▸ Problem
Copy out precisely the lines from the start of the data through the line with "The overall goal", and keep pictures out of it.
[[ Record excerpts open ]]
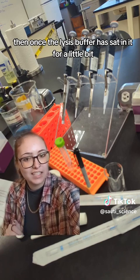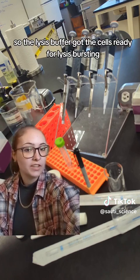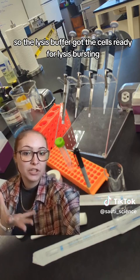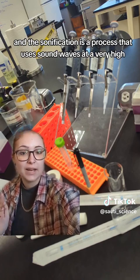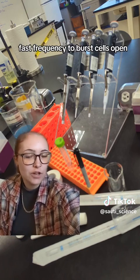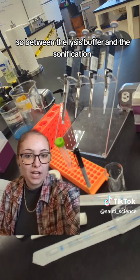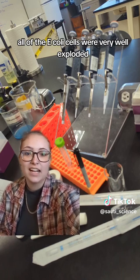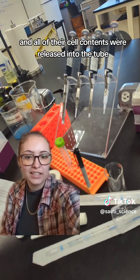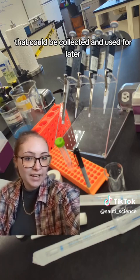Then, once the lysis buffer had sat in it for a little bit, we did a process called sonification. The lysis buffer got the cells ready for lysis bursting, and sonification is a process that uses sound waves at a very high, fast frequency to burst cells open. Between the lysis buffer and the sonification, all of the E. coli cells were very well exploded, and all of their cell contents were released into the tube to be collected.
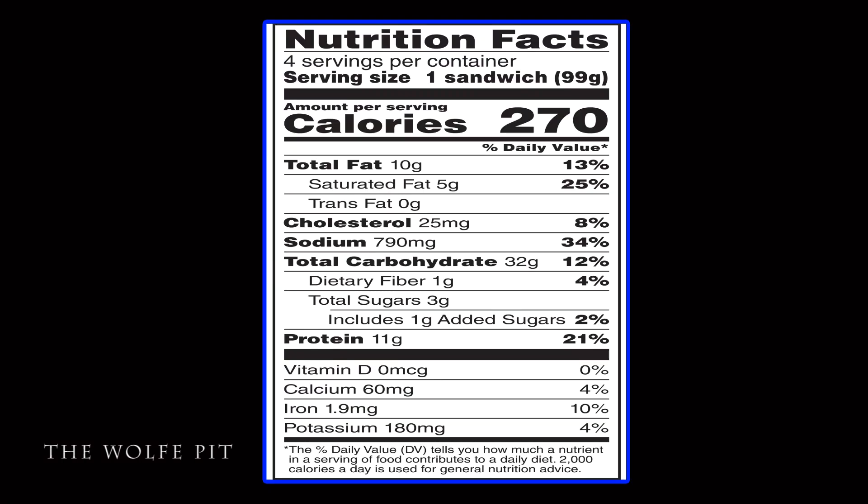Each Nashville Hot Chicken Biscuit has 270 calories, 10 grams of total fat, 5 grams of saturated fat, no trans fat, 25 milligrams of cholesterol, 790 milligrams of sodium, 32 grams of carbohydrates, 1 gram of fiber, 3 grams of sugars, and 11 grams of protein.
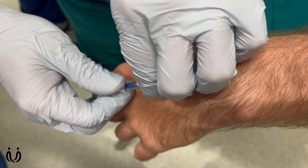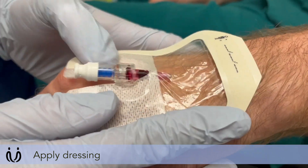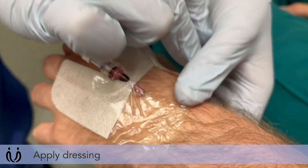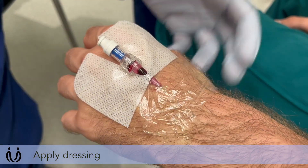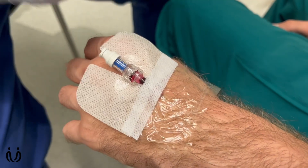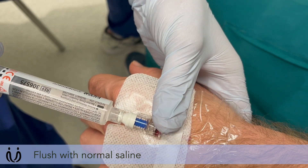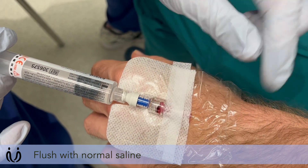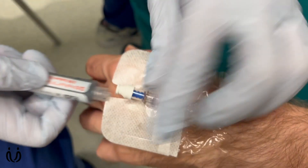Now place the bung on the end of the cannula, then place a Tegaderm over the top so it's nice and secure. In patients with some hair on the arms or forearms, you might need to use some Tegaderm or other tape to make sure it sticks down nicely. Just place a little bit of normal saline in now to make sure it's flushing well — you'll feel a bit of a cool sensation going up — and check there are no signs of subcutaneous oedema, which might suggest the drip has tissued.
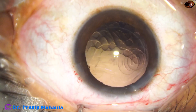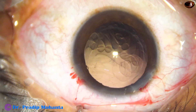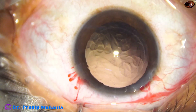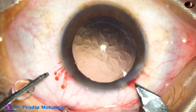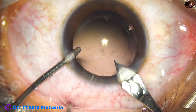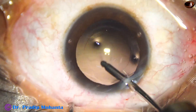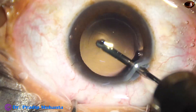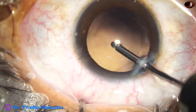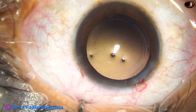We can see that there are some cells sticking to the posterior capsule — we must remove these cells. I enlarge the main incision a little bit because I am going to use a B-cartridge. I then take the irrigation cannula of bimanual IA and, by the irrigating jet of fluid, polish the posterior capsule nicely. Whatever lens cells stick to the posterior capsule get dislodged.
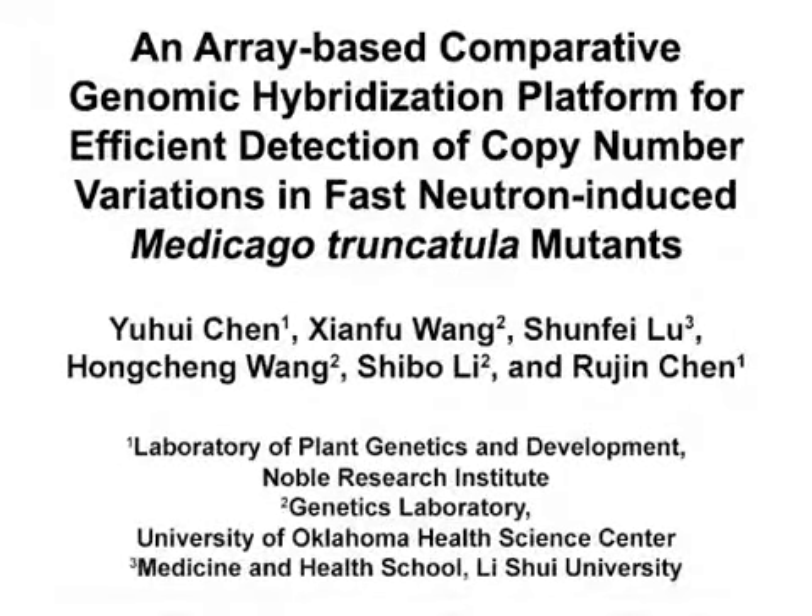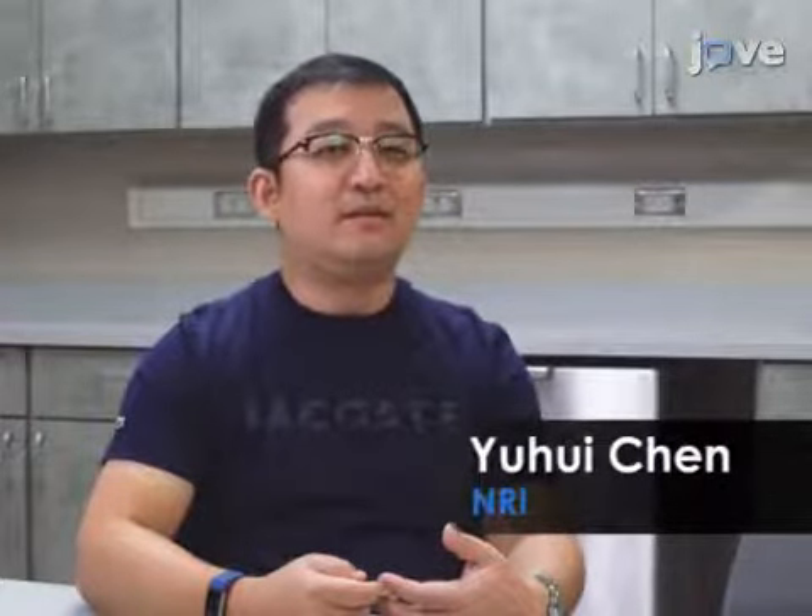The overall goal of this array-based comparative genomic hybridization protocol is to rapidly identify copy number variations in fast neutron bombardment induced mutants of the legume plant Medicago truncatula. This method helps to answer key questions in the field of legume biology, such as facilitating identification of important genes or loci involved in regulating natural development in legumes.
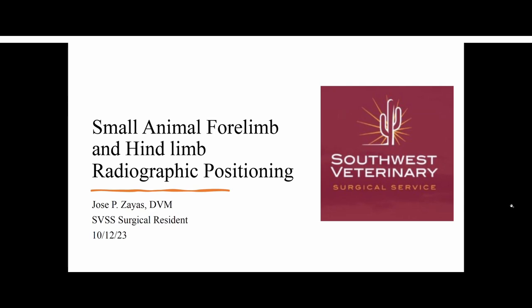I'm going to basically introduce myself. I'm Dr. Zayas, or Jose Zayas, first-year resident at SVSS, and really glad I'm here today to talk to you guys. I just want to give you guys a little bit of information on how we as a referral practice would like to communicate with you guys via radiograph. I feel like that's one of the main things or issues when we're trying to get information with all of these patients that need our help.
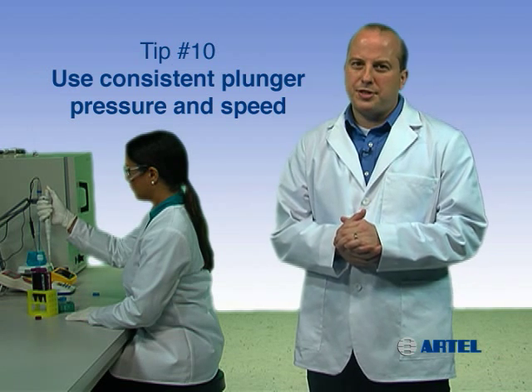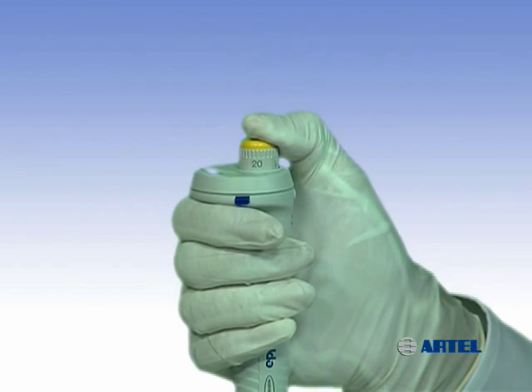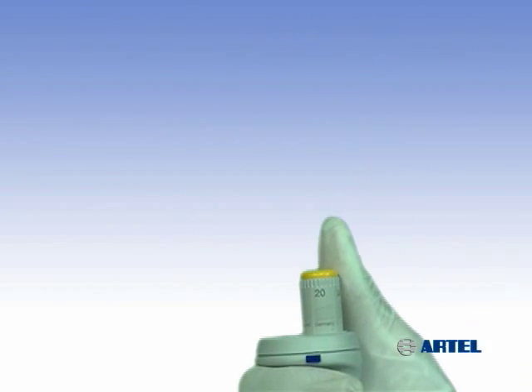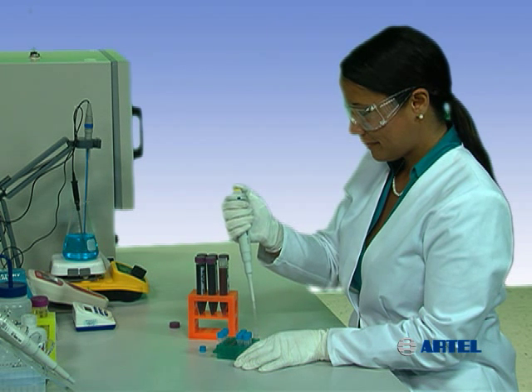Pipets, like all precision instruments, give more reproducible results when used with proper technique and when the user is paying attention to detail. It's important to have constant steady plunger movement during sample aspiration as well as during sample delivery and transfer, because inconsistencies in the technique will allow air to creep into an assay or process.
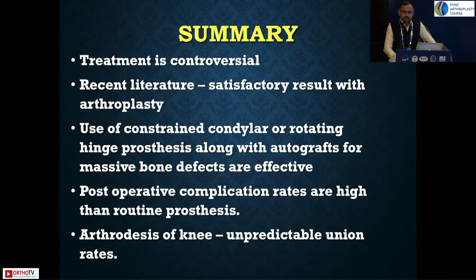To summarize: the treatment is always controversial. When you see such patients, there will always be a discussion between knee fusion versus knee replacement. Fusion also is controversial — the fusion rates are very poor, almost 30%, and they do not fuse well, leading to non-unions. Satisfactory results with arthroplasty have been published in recent literature. Constrained knees are important backups, post-operative complications are very high so counsel patients adequately. Arthrodesis is an option but has unacceptable union rates.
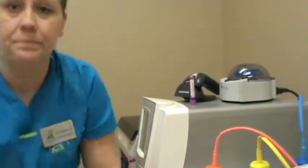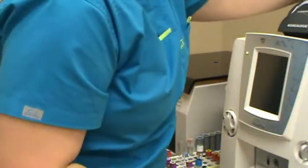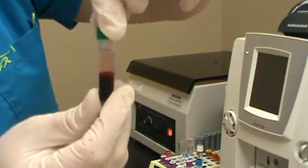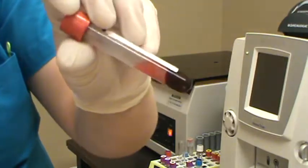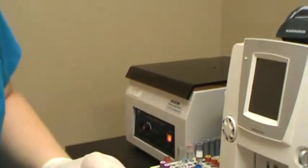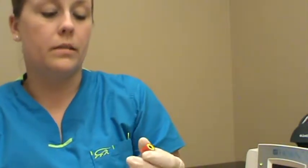Once centrifugation is complete, we'll transfer samples to their respective tubes. The serum sample and the lithium heparin for plasma are spun down with a fairly clear sample. However, this sample looks slightly hemolyzed. The hemolysis here likely came from a slightly rough blood draw — the needle may not have entered the vessel cleanly, causing a small hematoma and drawing off ruptured red blood cells.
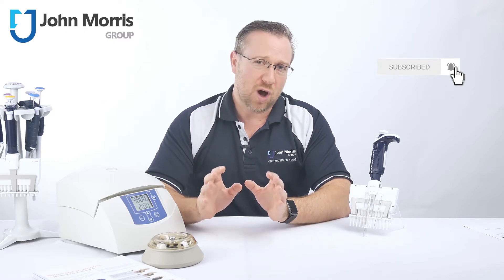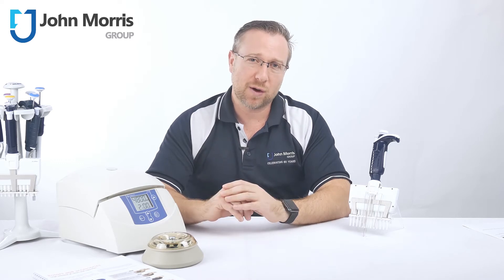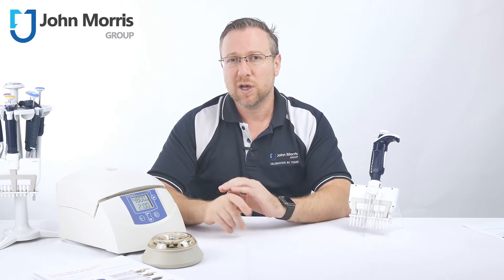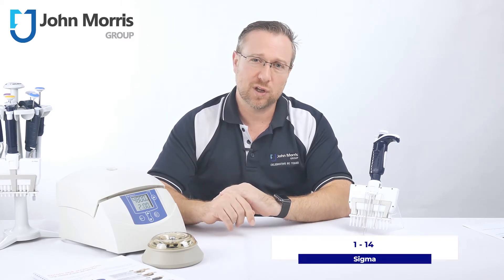If you're working in an isolation RNA, DNA, or protein lab and you're spinning micro tubes — say 0.2 or 2 microliter tubes — you're going to want to pay attention to this next little clip on the 1-14 from Sigma.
[[ Record excerpts closed ]]
▸ Solved problem
Then, once the lysis buffer had sat in it for a little bit, we did a process called sonification. The lysis buffer got the cells ready for lysis bursting, and sonification is a process that uses sound waves at a very high, fast frequency to burst cells open. Between the lysis buffer and the sonification, all of the E. coli cells were very well exploded, and all of their cell contents were released into the tube to be collected.
Each Nashville Hot Chicken Biscuit has 270 calories, 10 grams of total fat, 5 grams of saturated fat, no trans fat, 25 milligrams of cholesterol, 790 milligrams of sodium, 32 grams of carbohydrates, 1 gram of fiber, 3 grams of sugars, and 11 grams of protein.
Now place the bung on the end of the cannula, then place a Tegaderm over the top so it's nice and secure. In patients with some hair on the arms or forearms, you might need to use some Tegaderm or other tape to make sure it sticks down nicely. Just place a little bit of normal saline in now to make sure it's flushing well — you'll feel a bit of a cool sensation going up — and check there are no signs of subcutaneous oedema, which might suggest the drip has tissued.
We can see that there are some cells sticking to the posterior capsule — we must remove these cells. I enlarge the main incision a little bit because I am going to use a B-cartridge. I then take the irrigation cannula of bimanual IA and, by the irrigating jet of fluid, polish the posterior capsule nicely. Whatever lens cells stick to the posterior capsule get dislodged.
The overall goal of this array-based comparative genomic hybridization protocol is to rapidly identify copy number variations in fast neutron bombardment induced mutants of the legume plant Medicago truncatula. This method helps to answer key questions in the field of legume biology, such as facilitating identification of important genes or loci involved in regulating natural development in legumes.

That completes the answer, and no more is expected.